L’institut culturel franco-germano-luxembourgeois Pierre Werner, inauguré le 13 octobre 2003 par les trois ministres des affaires étrangères des pays concernés, est devenu en juin 2006 l’institut culturel européen Pierre Werner. Il consacre l’essentiel de ses activités de recherche et de réflexion aux thèmes européens.

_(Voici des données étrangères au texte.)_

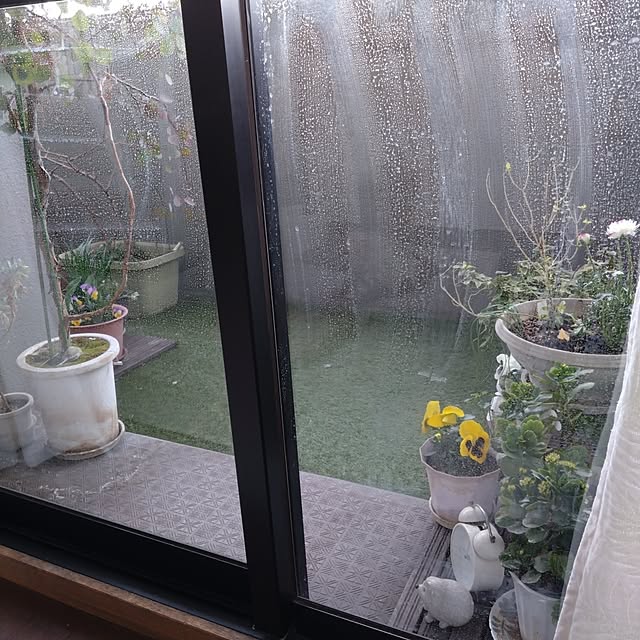 kakkaさんの実例写真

Autres types de coopération

Notre coopération transfrontalière, qui tient une place importante dans les relations franco-luxembourgeoises, s’appuie sur plusieurs instruments : accord « Sar-Lor-Lux-Trèves-Palatinat », accord de Karlsruhe, Grande Région créée à l’initiative de M. Juncker et Commission intergouvernementale franco-luxembourgeoise pour le renforcement de la coopération transfrontalière (CIG). La CIG, qui s’est réunie pour la première fois en 2011 au Luxembourg, associe tous les acteurs de la coopération transfrontalière (ministres, préfet, élus locaux notamment). La cinquième réunion de la CIG a eu lieu le 21 novembre 2016 au Luxembourg sous la présidence du secrétaire d’Etat chargé des affaires européennes, Harlem Désir, et de la ministre luxembourgeoise de la famille, de l’intégration et à la Grande Région, Corinne Cahen. A cette occasion, un accord-cadre de coopération sanitaire a été signé, constituant la base juridique pour permettre la signature de conventions locales de coopération dans la perspective d’assurer un meilleur accès à des soins de qualité pour les populations de la zone frontalière, de favoriser la continuité des soins et l’information sur le parcours de soins, tout en optimisant l’organisation de l’offre de soins. Des conventions touchant aux soins médicaux, aux coopérations hospitalières ainsi qu’aux transports médicalisés pourront être mises en œuvre.

Compte tenu de la proximité de la centrale de Cattenom avec le Grand-Duché, notre coopération en matière de sécurité et de sûreté nucléaire est très dense. Elle s’effectue notamment à travers les réunions de la commission mixte sur la sécurité nucléaire, créée en 1994, et l’association d’experts luxembourgeois et allemands aux examens de sécurité opérés dans la centrale. La volonté d’obtenir la fermeture de la centrale nucléaire fait consensus au Grand-Duché et l’accord de coalition prévoit que « le Luxembourg poursuivra les démarches auprès des autorités françaises et belges dans le but de la fermeture des centrales de Cattenom et de Tihange ».

Dans le domaine de la sécurité, un accord bilatéral franco-luxembourgeois de coopération policière et douanière a été signé le 15 octobre 2001 à Luxembourg. Ce texte instaure un droit de poursuite et porte création d’un « centre commun » à Luxembourg, fonctionnant comme un service d’échange d’informations et de coordination. Ce centre commun de police et de douane, mis en place en janvier 2003, a été fusionné avec le bureau de coopération policière belgo-germano-luxembourgeoise pour créer une structure quadripartite originale. Une convention de coopération douanière franco – luxembourgeoise relative aux contrôles conjoints au poste frontière à Dudelange-Zoufftgen Autoroute a également été signée le 26 janvier 2016 à Luxembourg, et amendée lors de la dernière CIG afin de permettre l’utilisation du système de camion-scanner pour le scan des véhicules transitant par la frontière à Dudelange-Zoufftgen Autoroute.